"Terkadang cinta hanya dapat berbicara melalui selongsong senapan"
Pernyataan Buenaventura Durruti Dumange ini agaknya mampu menjadi awalan yang segar untuk memulai alenia demi alenia sejarah panjang perjalanan Bangsa kita dalam menikmati, kehilangan, lalu mendapatkan lagi sebuah kemerdekaan.
Melalui lorong-lorong dunia maya kita yang dipenuhi berita kekerasan (meskipun beberapa dalihnya adalah keadilan sosial), kita menjadi terbiasa dengan fenomena pertumpahan darah (baca: Anarkis) antara rakyat-penguasa, penguasa-penguasa, atau rakyat-rakyat.
Sebut saja yang paling kekinian, terjadi kerusuhan pada kongres sebuah Partai Politik besar di Indonesia. "Secara keseluruhan ini masih dalam konteks yang relatif normal dan demokrasi. Tetapi tidak terjadi pada partai kami saja, namun di organisasi lain juga sudah ada. Bahkan dalam organisasi massa, kepemudaan, sering terjadi permasalahan, jadi tidak hanya partai kami saja yang terjadi keributan seperti ini," begitulah kira-kira penjelasan santai Sang Ketua Panitia Kongres kepada wartawan.
Pada praktiknya, filsafat politik yang diperkenalkan oleh Gerard Winstanley (1648) dan William Godwin (1793) ini telah terjadi di Indonesia sejak tahun 1220-an, Setengah abad sebelumnya. Adalah Ken Arok, Raja Singasari yang terkenal itu didapuk menjadi seorang anarkis pertama yang diteruskan anarkis-anarkis berikutnya.
Dalam Kitab Pararaton Ken Arok diceritakan membunuh Tunggul Ametung, Akuwu Tumapel untuk naik takhta menjadi Akuwu dan memperistri Ken Dedes, istri Tunggul Ametung. Pembunuhan itu melahirkan sebuah kerajaan besar bernama Singasari. Pembunuhan itu pula yang menyebabkan pembunuhan-pembunuhan lain setelahnya.

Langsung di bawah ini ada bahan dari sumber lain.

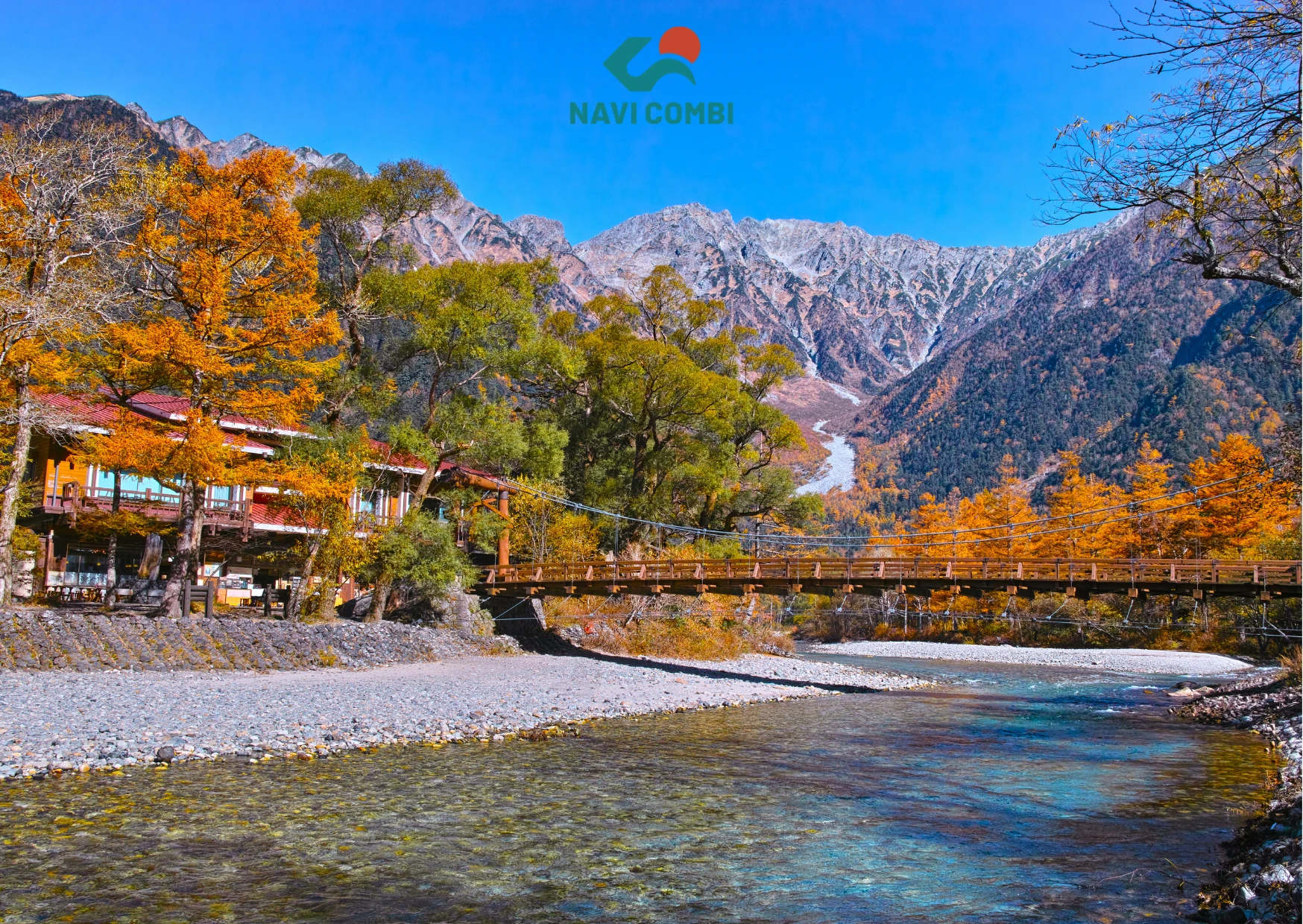 Kappa Bridge in autumn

Meskipun motif pembunuhan Tunggul Ametung secara filosofis tidak sepenuhnya sama dengan pandangan anarkisme, paling tidak itu adalah bentuk perlawanan rakyat kepada penguasa.
Anarkisme = Kemerdekaan
Anarkisme secara etimologis diartikan sebagai paham "tanpa pemerintahan" atau "pengelolaan dan koordinasi tanpa hubungan memerintah dan diperintah, menguasai dan dikuasai, mengepalai dan dikepalai, mengendalikan dan dikendalikan, dan lain sebagainya.
Pada masa Kolonial Belanda maupun Jepang, anarkisme semakin menancapkan kukunya pada pola perjuangan rakyat untuk terbebas dari monopoli kekuasaan dan kesewenang-wenangan penjajah. Kemerdekaan tentu tidak diraih melalui meja-meja perundingan melainkan melalui pertumpahan darah para pejuang diujung senapan penjajah dan kematian penjajah diujung bambu-tombak pejuang.
Sebut saja Perang Batavia (1628), Perang Jawa (1741), Perang Diponegoro (1825), Serangan 10 November 1945, dan Serangan Umum 1 Maret 1949 adalah rentetan perang besar dalam merebut dan mempertahankan kemerdekaan yang masih melekat pada memori anak bangsa.